Segment Open
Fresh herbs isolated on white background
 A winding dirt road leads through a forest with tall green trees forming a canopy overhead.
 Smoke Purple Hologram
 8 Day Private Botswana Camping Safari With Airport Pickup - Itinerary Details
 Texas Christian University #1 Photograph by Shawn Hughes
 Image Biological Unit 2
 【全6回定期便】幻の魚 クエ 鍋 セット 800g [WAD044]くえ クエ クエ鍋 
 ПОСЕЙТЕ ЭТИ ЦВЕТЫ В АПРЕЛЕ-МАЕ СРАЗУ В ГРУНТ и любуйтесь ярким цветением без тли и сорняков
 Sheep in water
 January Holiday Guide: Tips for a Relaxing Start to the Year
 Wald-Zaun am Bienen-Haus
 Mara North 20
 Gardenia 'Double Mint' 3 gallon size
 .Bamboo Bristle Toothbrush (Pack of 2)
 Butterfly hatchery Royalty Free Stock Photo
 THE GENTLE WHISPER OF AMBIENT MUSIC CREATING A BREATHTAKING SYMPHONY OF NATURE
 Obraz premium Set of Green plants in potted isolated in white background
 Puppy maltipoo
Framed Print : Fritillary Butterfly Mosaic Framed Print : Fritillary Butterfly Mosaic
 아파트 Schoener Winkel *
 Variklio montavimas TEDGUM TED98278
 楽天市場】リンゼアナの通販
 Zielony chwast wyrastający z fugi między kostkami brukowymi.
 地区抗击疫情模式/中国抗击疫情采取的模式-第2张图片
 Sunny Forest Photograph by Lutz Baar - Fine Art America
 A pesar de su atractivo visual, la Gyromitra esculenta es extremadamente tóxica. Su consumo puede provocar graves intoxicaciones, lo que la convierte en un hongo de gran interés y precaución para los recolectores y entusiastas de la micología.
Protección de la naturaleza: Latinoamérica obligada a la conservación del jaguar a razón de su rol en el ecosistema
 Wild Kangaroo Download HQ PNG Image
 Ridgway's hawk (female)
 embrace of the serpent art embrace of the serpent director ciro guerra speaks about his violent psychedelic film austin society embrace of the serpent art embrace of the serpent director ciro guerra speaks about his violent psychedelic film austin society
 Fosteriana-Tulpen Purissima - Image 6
Segment Closed
[Your task]: Each record above should be transcribed exactly.

[Your response]:
Fresh herbs isolated on white background
 A winding dirt road leads through a forest with tall green trees forming a canopy overhead.
 Smoke Purple Hologram
 8 Day Private Botswana Camping Safari With Airport Pickup - Itinerary Details
 Texas Christian University #1 Photograph by Shawn Hughes
 Image Biological Unit 2
 【全6回定期便】幻の魚 クエ 鍋 セット 800g [WAD044]くえ クエ クエ鍋 
 ПОСЕЙТЕ ЭТИ ЦВЕТЫ В АПРЕЛЕ-МАЕ СРАЗУ В ГРУНТ и любуйтесь ярким цветением без тли и сорняков
 Sheep in water
 January Holiday Guide: Tips for a Relaxing Start to the Year
 Wald-Zaun am Bienen-Haus
 Mara North 20
 Gardenia 'Double Mint' 3 gallon size
 .Bamboo Bristle Toothbrush (Pack of 2)
 Butterfly hatchery Royalty Free Stock Photo
 THE GENTLE WHISPER OF AMBIENT MUSIC CREATING A BREATHTAKING SYMPHONY OF NATURE
 Obraz premium Set of Green plants in potted isolated in white background
 Puppy maltipoo
Framed Print : Fritillary Butterfly Mosaic Framed Print : Fritillary Butterfly Mosaic
 아파트 Schoener Winkel *
 Variklio montavimas TEDGUM TED98278
 楽天市場】リンゼアナの通販
 Zielony chwast wyrastający z fugi między kostkami brukowymi.
 地区抗击疫情模式/中国抗击疫情采取的模式-第2张图片
 Sunny Forest Photograph by Lutz Baar - Fine Art America
 A pesar de su atractivo visual, la Gyromitra esculenta es extremadamente tóxica. Su consumo puede provocar graves intoxicaciones, lo que la convierte en un hongo de gran interés y precaución para los recolectores y entusiastas de la micología.
Protección de la naturaleza: Latinoamérica obligada a la conservación del jaguar a razón de su rol en el ecosistema
 Wild Kangaroo Download HQ PNG Image
 Ridgway's hawk (female)
 embrace of the serpent art embrace of the serpent director ciro guerra speaks about his violent psychedelic film austin society embrace of the serpent art embrace of the serpent director ciro guerra speaks about his violent psychedelic film austin society
 Fosteriana-Tulpen Purissima - Image 6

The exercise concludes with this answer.